Nasty words between two Internet publishers competing for the same online readers and advertisers in the Pacific Northwest
The Seattle Times has made it a point to inform the world that it has chosen Sun Microsystems and Netscape rather than Microsoft Corp.--to supply the networking, server operating system and Wet) publishing software for its online publishing operations.
The Times' public announcement has both rankled the headquarters of Microsoft in nearby Redmond and rekindled an ongoing sore point between the newspaper industry and the software giant that has now become a competitor of newspapers.
Sun Microsystems of Menlo Park, Calif., and Netscape Communications Corp., of Mountain View, Calif., are direct and intense competitors of Microsoft, both in networking and operating systems and Web design, publishing and World Wide Web browsers.
Debate about boycotting Microsoft
At the same time, national gatherings of newspaper publishers have recently debated whether or not newspapers should refuse to purchase Microsoft software systems in retaliation for the software company's launch of multiple national Web publishing ventures that directly compete with their own online operations.
A press release, dated Sept. 9 and distributed via Business Wire, explained,"The Seattle Times is in competition with Microsoft to provide (online editorial) content in the Northwest. The Sun platform gives the Seattle Times a strong advantage" in that competition.

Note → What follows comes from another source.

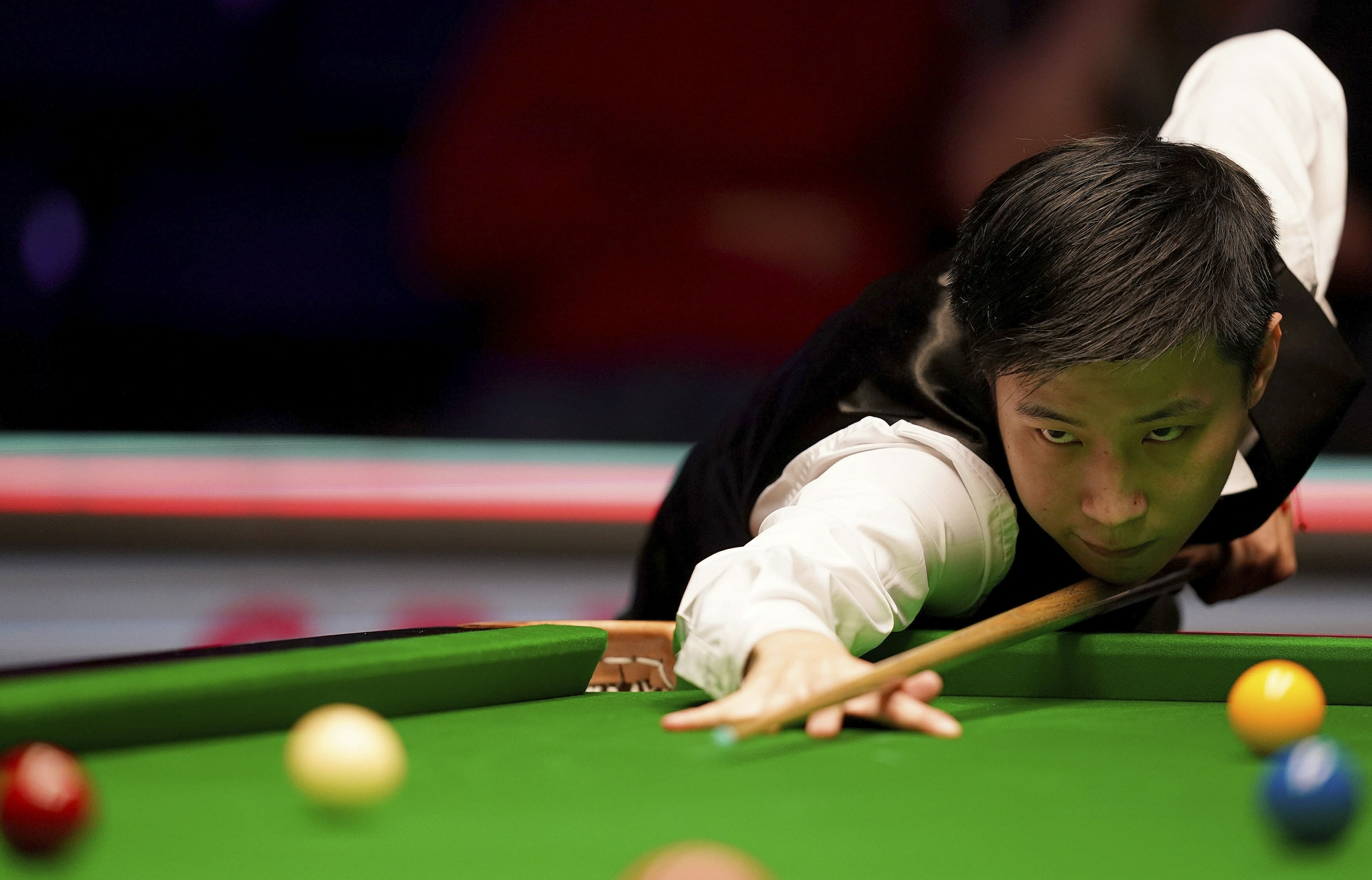 突然爆发出 突然爆发出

The press release was prepared by UpStart Communications, which represents Sun, and was approved by the newspaper. Laura Elliott of UpStart said, "In interviewing [officials at the Seattle Times], they brought it up. They really consider themselves in competition with Microsoft as a content provider and they feel so strongly that that was the way we wrote the press release." Microsoft hires away newspaper's personnel
In the press release section that appears to have most angered Microsoft, Dave Wagner, the newspaper's new media technology and operations manager, explains that Microsoft is a very powerful competitor, but has one glaring weakness in the online publishing wars: the inferior quality of its own software. Wagner also noted that "Microsoft has the edge in the number of dollars and employees it can throw at any Internet content project, including a number of talented people hired away from the Seattle Times"

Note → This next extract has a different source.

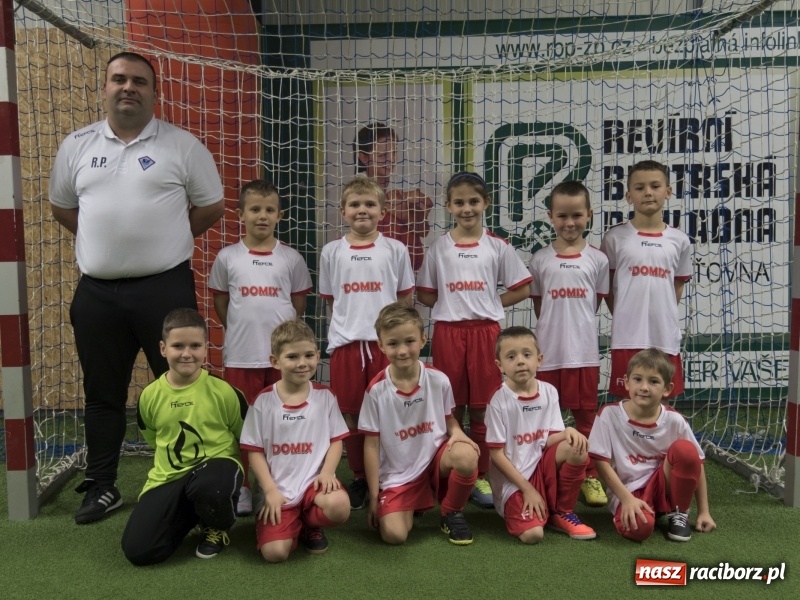 Zdjęcie w galerii na portalu naszraciborz.pl: Mikołaj z Diabłem wręczali nagrody, czyli turniej piłkarski w Bohuminie wiadomości z regionu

John Pinette, a Microsoft spokesman, said he was "surprised" at the tone of those comments.
Microsoft e-mail threat?
Michael Fancher, executive editor of the Seattle Times, confirmed that a Microsoft public relations representative sent an e-mail to reporters who cover the Redmond company, suggesting that distribution of the press release "complicated" Microsoft's job of ensuring that those reporters get access to Microsoft executives for story interviews.

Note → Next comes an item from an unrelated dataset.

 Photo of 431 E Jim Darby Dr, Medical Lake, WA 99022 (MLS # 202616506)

Fancher said, "One of the reporters responded and said that we cover (Microsoft) in an objective fashion and their executives should realize there's a separation between news and business. I think it's surprising that you'd get a reaction like that."
'Ability to punish'
Bob Ingle, president of Knight-Ridder New Media, who has urged newspaper publishers to boycott Microsoft's software as a way of protesting Microsoft's entry into the editorial content business, chided Microsoft for the nature of its response to the Times. …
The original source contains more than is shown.